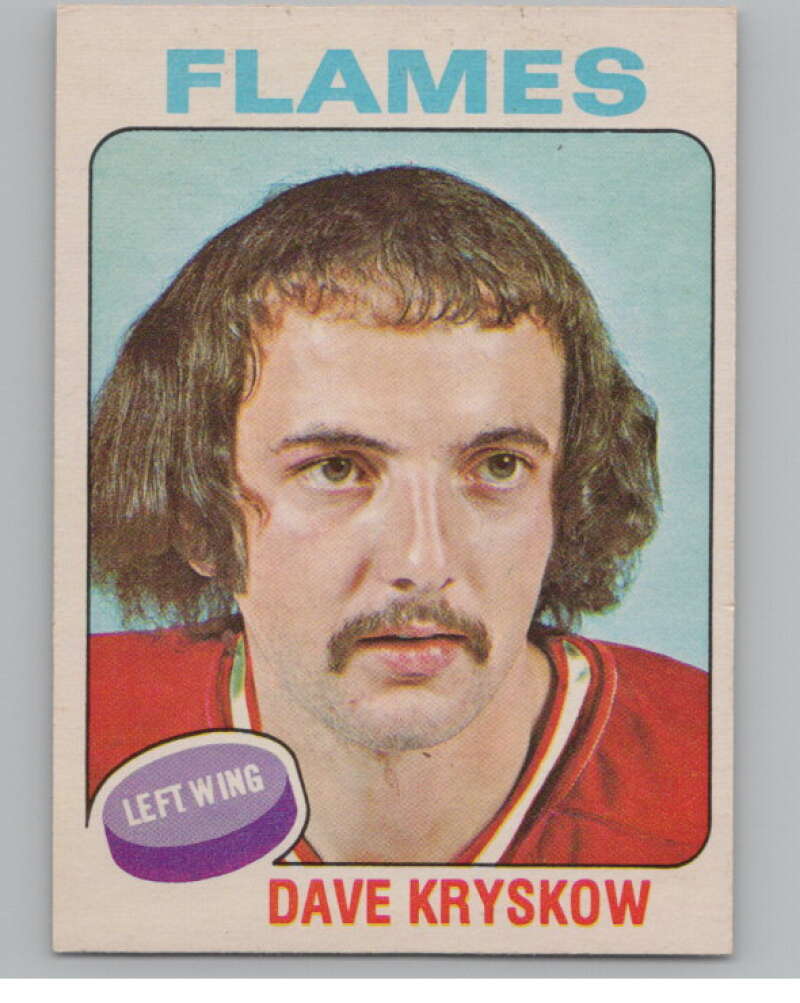 1975-76 O-Pee-Chee #158 Dave Kryskow Hockey Atlanta Flames  V103940 Image 1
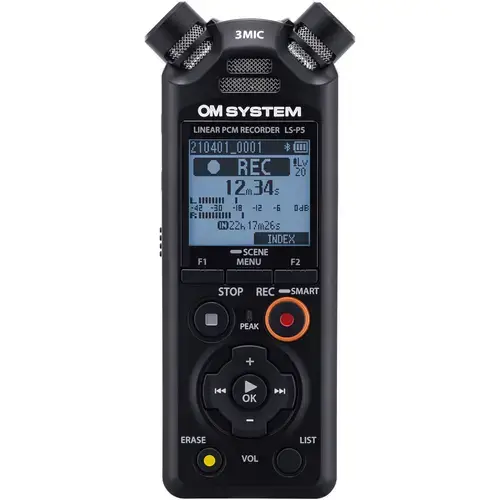 Reportofon stereo OLYMPUS OM SYSTEM LS-P5, PCM liniar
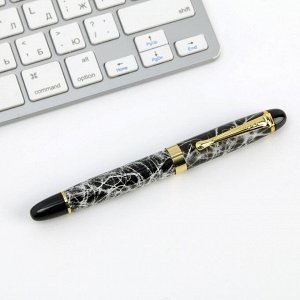 Ручка подарочная в футляре кожзам «Удачи во всем!», синяя паста 1.0 мм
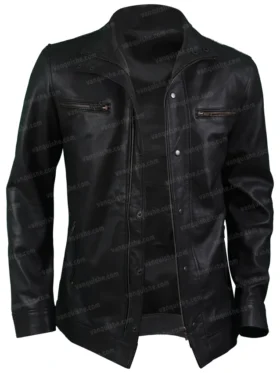 Arrow Slade Wilson Leather Jacket Front Open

**ABOUT THIS EXERCISE**
Extract the run of lines beginning with the line that holds "Reportofon stereo OLYMPUS" and ending at the last line of the data, inclusive. Exclude any pictures from the copy.

**ANSWER SPACE**
 Reportofon stereo OLYMPUS OM SYSTEM LS-P5, PCM liniar
 Ручка подарочная в футляре кожзам «Удачи во всем!», синяя паста 1.0 мм
 Arrow Slade Wilson Leather Jacket Front Open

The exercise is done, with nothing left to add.